Could you repeat the entries below exactly, but only from the line with "We have options" through the line with "On my screen", and without any picture?

> _Material provided_
::::

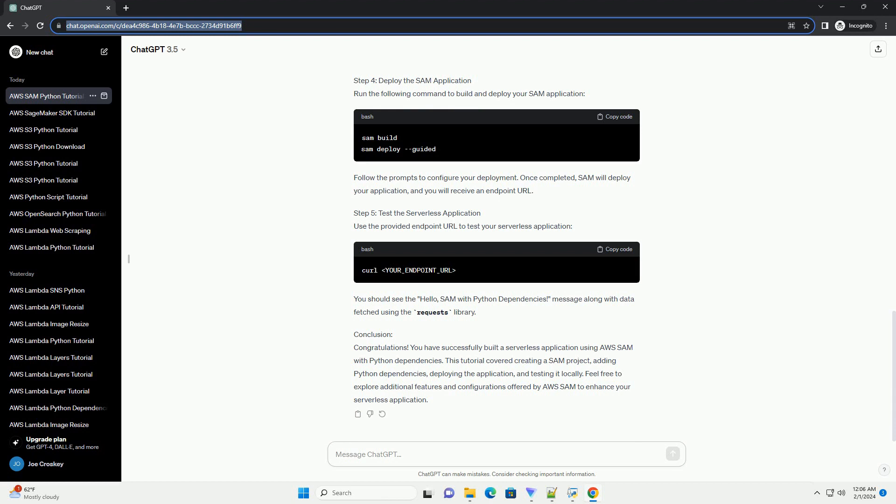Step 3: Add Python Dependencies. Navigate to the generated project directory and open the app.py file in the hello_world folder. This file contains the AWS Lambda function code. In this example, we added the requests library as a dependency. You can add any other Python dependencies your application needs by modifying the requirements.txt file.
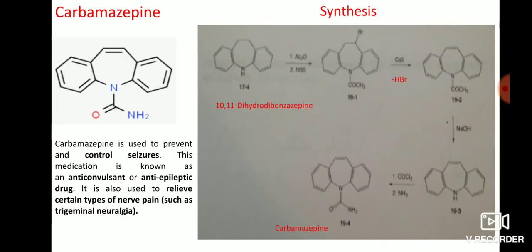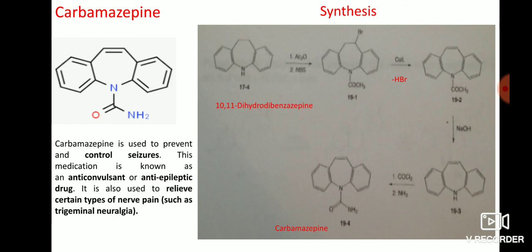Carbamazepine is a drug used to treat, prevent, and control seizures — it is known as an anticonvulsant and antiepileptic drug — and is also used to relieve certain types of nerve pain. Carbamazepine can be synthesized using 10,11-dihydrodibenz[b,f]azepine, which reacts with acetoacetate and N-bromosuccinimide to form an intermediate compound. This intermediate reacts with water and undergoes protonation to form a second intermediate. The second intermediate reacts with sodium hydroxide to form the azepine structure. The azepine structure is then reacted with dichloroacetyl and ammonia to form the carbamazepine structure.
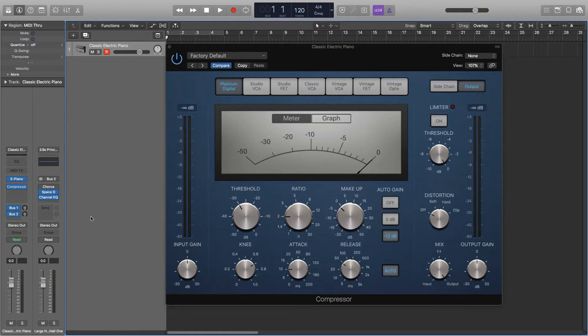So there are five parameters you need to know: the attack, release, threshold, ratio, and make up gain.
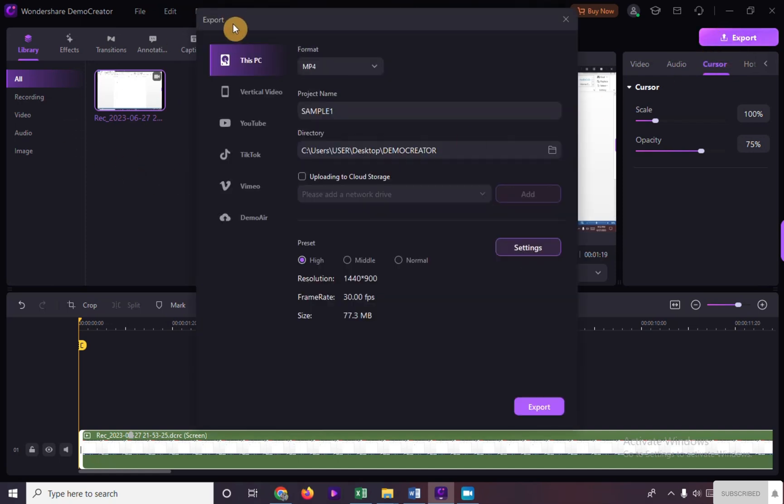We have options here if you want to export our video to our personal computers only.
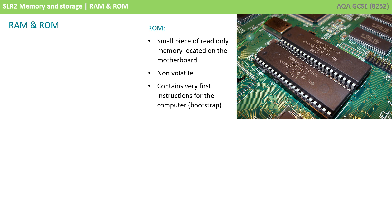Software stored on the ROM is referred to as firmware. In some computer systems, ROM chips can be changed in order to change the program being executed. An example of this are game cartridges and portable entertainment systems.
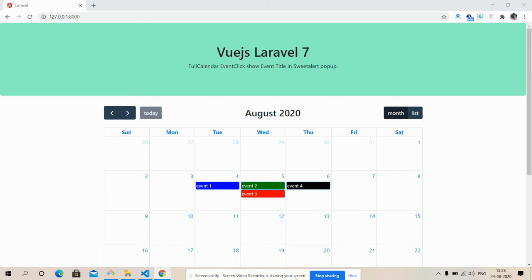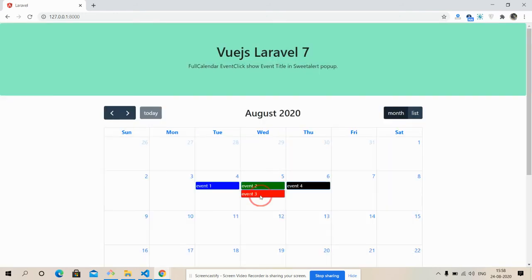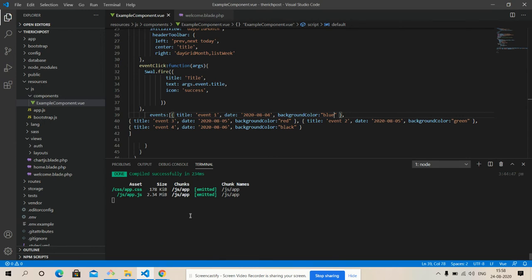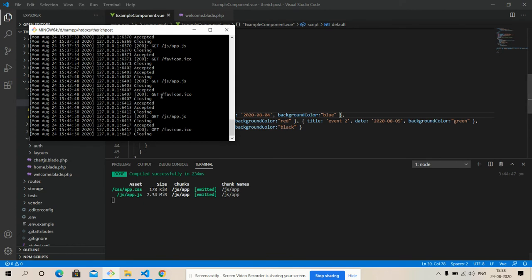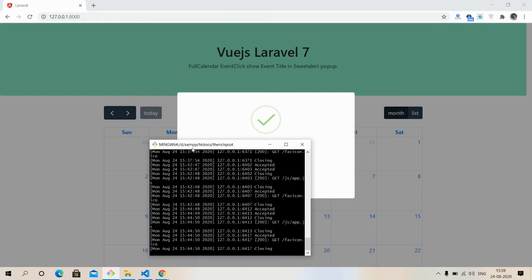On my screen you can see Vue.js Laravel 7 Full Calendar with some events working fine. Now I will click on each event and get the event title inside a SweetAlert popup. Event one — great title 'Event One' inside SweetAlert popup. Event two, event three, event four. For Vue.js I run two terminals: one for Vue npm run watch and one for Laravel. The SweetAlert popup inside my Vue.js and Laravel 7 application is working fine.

::::

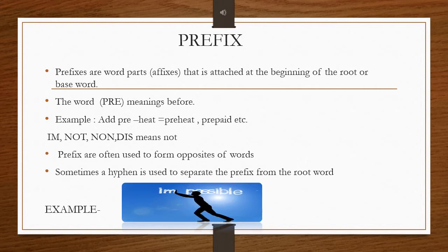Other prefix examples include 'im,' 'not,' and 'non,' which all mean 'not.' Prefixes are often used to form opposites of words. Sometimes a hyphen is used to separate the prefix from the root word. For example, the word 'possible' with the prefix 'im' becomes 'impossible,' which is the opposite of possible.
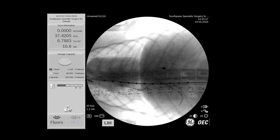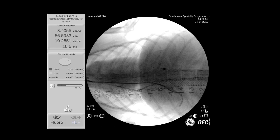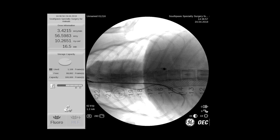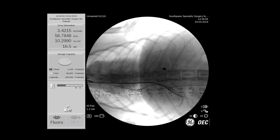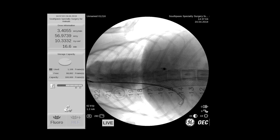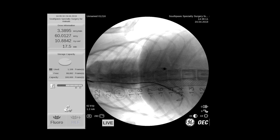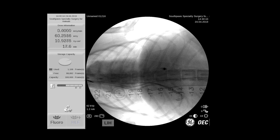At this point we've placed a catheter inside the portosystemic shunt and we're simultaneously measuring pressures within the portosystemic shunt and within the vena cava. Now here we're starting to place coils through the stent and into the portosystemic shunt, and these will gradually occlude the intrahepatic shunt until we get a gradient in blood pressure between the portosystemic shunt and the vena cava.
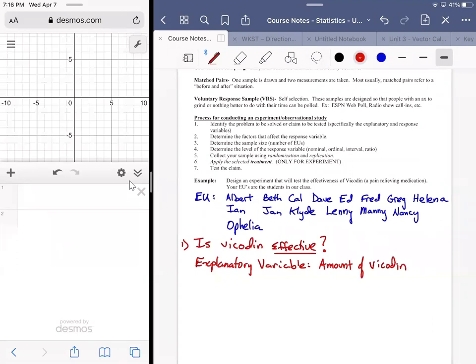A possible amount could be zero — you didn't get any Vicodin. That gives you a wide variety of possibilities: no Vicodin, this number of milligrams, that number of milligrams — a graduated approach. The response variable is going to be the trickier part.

::::

> _Task output_
We have options here if you want to export our video to our personal computers only.
Software stored on the ROM is referred to as firmware. In some computer systems, ROM chips can be changed in order to change the program being executed. An example of this are game cartridges and portable entertainment systems.
On my screen you can see Vue.js Laravel 7 Full Calendar with some events working fine. Now I will click on each event and get the event title inside a SweetAlert popup. Event one — great title 'Event One' inside SweetAlert popup. Event two, event three, event four. For Vue.js I run two terminals: one for Vue npm run watch and one for Laravel. The SweetAlert popup inside my Vue.js and Laravel 7 application is working fine.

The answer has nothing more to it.